In reply to Dax H:
> Probably better than they ever have been. In this digital age money is easier to track than ever.
> The big difference between days of old and now is 24/7 instant news.
Transparency is a bit of a problem for 'traditional' corruption. However, there are other ways of extracting value. A large portion of UK corruption involves how the public sector is run and how it purchases goods and services. This is not about back-handers. It is about rent-seeking behaviour (
https://en.wikipedia.org/wiki/Rent-seeking ). This is the manner in which countless contracts go through due process but still go to the usual suspects. It is also the manner in which former senior civil servants and politician acquire lucrative positions in the private sector. It goes well beyond that however. The corruption pyramid that exists in Afghanistan or Nigeria that gets everyone a cut acts here with bureaucratic rents as currency rather than pounds or afghani or naira.

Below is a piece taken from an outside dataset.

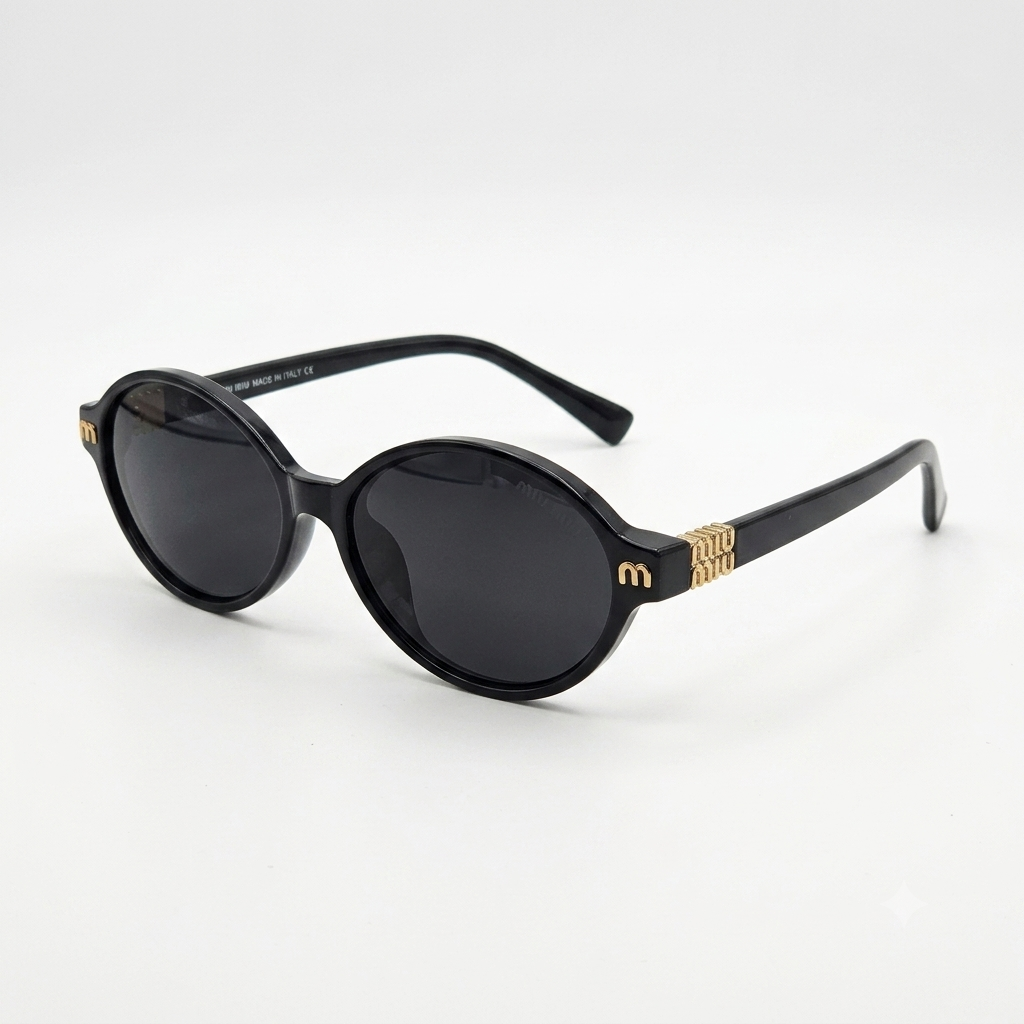 Classic Black Oval Sunglasses with Ornate Gold Hardware and Grey Gradient Lenses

Generations ago, as the public sector was just beginning its vast expansion, public sector jobs were poorly paid and offered mainly security (although influence cannot be excluded from the calculation). For instance, until relatively recent times, soldiers' and police officers' pay was abysmal. Likewise civil servants and local government staff. Now, public sector pay is in the normal range, conditions and allowances are of a high standard, security ... eh ... still exists in many quarters, and influence is perhaps less easily exercised. Security and conditions of employment are sufficient to place ordinary workers of the public sector above their private sector friends in terms of their overall well-being. Low levels of manipulation of public assets and decision-making serve to reinforce the security of public servants and reduces the overall effectiveness of the economy in both the public and private sectors. Permissions, or simply incompetence, from above, create the next layer of the pyramid as effectively as a cut of the back-hander does in other territories.
One of the horrifying things about managing a government contract is that you can follow all the EU guidelines to the letter and still end up with a bunch of useless idiots bidding in the final stage. That is a bad bad feeling. When reflecting on such an event, it becomes clear that if an unsatisfactory outcome can result from a diligent process then a corrupt outcome is not difficult to organise. The only difference from the old days is that you now have a pile of paperwork to prove you did your best. That is just one area where low levels of manipulation can operate in spite of the best efforts of legislators.